Task goal:
In the entries that follow, the line with "2625 S Atlantic" opens the range and the line with "Loading of cargo containers to airplane" closes it; repeat that range exactly, both lines included.

The records:
=== Begin Enclosure ===

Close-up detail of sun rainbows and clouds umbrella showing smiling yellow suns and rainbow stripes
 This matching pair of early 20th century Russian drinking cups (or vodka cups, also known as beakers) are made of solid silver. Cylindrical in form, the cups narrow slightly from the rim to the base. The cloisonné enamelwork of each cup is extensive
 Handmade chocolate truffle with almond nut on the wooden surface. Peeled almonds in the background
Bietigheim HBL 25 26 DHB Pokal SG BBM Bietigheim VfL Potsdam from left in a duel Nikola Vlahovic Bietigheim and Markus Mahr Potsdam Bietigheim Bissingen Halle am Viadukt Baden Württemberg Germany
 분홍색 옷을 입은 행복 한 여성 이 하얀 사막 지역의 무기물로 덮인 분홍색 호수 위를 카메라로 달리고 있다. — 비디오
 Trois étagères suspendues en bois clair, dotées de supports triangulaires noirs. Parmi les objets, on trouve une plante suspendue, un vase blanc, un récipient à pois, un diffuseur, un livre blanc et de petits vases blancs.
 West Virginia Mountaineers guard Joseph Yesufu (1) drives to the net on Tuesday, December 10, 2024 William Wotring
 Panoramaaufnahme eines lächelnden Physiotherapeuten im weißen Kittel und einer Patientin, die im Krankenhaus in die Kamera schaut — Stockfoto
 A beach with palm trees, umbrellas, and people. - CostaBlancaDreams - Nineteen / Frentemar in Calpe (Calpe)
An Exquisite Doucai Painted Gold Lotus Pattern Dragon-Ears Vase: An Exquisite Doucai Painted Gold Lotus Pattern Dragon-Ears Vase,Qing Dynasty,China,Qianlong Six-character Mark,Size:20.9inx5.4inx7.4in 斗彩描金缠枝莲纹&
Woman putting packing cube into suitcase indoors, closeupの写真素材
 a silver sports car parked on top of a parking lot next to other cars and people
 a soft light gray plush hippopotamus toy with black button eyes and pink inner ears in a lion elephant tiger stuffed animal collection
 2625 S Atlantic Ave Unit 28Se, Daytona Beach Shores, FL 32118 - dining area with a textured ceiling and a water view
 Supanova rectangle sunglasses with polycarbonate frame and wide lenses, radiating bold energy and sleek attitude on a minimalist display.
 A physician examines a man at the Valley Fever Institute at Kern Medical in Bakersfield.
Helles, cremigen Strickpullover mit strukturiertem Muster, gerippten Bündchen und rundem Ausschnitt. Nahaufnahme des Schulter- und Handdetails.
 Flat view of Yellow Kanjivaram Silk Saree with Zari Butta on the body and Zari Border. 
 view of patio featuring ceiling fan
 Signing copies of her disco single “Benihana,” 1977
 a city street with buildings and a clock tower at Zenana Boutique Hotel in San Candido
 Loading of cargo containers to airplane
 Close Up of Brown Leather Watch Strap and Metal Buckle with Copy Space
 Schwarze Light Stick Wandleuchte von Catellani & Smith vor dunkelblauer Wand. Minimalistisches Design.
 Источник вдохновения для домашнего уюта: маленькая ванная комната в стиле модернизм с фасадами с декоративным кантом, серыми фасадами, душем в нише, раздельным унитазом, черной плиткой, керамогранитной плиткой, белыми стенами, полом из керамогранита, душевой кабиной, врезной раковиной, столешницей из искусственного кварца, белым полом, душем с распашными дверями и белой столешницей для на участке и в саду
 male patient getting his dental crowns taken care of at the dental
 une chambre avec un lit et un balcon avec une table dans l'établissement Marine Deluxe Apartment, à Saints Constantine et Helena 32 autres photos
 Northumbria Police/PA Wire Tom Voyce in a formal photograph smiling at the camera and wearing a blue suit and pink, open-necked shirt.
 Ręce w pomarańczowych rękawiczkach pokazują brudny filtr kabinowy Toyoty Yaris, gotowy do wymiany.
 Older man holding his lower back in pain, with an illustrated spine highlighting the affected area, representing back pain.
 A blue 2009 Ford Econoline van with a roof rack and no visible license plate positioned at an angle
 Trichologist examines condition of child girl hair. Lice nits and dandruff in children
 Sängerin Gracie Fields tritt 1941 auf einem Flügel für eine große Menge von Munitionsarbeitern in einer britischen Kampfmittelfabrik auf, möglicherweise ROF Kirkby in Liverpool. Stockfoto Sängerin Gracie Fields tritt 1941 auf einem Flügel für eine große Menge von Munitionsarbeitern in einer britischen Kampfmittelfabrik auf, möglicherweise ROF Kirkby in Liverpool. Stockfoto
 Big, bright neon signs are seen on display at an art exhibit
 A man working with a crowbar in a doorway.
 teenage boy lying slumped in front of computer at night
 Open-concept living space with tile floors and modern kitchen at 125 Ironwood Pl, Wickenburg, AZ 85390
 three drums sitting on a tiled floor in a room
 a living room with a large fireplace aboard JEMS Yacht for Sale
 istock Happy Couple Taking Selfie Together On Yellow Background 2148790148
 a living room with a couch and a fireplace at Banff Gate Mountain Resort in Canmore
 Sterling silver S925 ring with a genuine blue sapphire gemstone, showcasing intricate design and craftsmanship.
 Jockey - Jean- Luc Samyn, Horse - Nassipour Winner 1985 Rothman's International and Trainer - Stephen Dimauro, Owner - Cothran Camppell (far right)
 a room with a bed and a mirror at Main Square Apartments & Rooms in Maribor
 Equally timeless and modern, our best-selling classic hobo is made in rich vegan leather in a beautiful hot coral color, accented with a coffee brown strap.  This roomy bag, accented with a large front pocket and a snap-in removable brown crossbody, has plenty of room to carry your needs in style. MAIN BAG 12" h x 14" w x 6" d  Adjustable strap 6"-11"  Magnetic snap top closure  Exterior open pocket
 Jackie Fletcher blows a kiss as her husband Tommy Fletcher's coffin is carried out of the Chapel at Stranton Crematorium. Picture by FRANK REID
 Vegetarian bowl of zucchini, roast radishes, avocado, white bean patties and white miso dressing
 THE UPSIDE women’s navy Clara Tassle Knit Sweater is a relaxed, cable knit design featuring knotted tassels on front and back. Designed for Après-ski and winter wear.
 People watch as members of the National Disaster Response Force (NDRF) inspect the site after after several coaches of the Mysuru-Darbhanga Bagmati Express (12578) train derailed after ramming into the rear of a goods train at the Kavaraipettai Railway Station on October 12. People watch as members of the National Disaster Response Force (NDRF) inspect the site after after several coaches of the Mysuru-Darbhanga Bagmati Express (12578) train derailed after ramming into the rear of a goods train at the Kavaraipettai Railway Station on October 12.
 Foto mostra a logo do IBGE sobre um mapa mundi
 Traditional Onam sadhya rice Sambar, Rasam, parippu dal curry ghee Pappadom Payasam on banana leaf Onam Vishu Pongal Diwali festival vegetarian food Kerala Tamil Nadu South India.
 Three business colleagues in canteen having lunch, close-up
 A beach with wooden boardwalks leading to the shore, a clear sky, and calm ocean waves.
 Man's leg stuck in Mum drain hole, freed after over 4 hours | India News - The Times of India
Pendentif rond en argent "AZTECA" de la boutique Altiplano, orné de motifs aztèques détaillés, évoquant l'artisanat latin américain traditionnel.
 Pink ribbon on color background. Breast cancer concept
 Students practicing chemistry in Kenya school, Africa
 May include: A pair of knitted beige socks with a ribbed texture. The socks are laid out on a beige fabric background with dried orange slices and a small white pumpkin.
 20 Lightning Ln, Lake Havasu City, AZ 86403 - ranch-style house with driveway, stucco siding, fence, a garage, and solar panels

=== End Enclosure ===

Answer to the exercise:
 2625 S Atlantic Ave Unit 28Se, Daytona Beach Shores, FL 32118 - dining area with a textured ceiling and a water view
 Supanova rectangle sunglasses with polycarbonate frame and wide lenses, radiating bold energy and sleek attitude on a minimalist display.
 A physician examines a man at the Valley Fever Institute at Kern Medical in Bakersfield.
Helles, cremigen Strickpullover mit strukturiertem Muster, gerippten Bündchen und rundem Ausschnitt. Nahaufnahme des Schulter- und Handdetails.
 Flat view of Yellow Kanjivaram Silk Saree with Zari Butta on the body and Zari Border. 
 view of patio featuring ceiling fan
 Signing copies of her disco single “Benihana,” 1977
 a city street with buildings and a clock tower at Zenana Boutique Hotel in San Candido
 Loading of cargo containers to airplane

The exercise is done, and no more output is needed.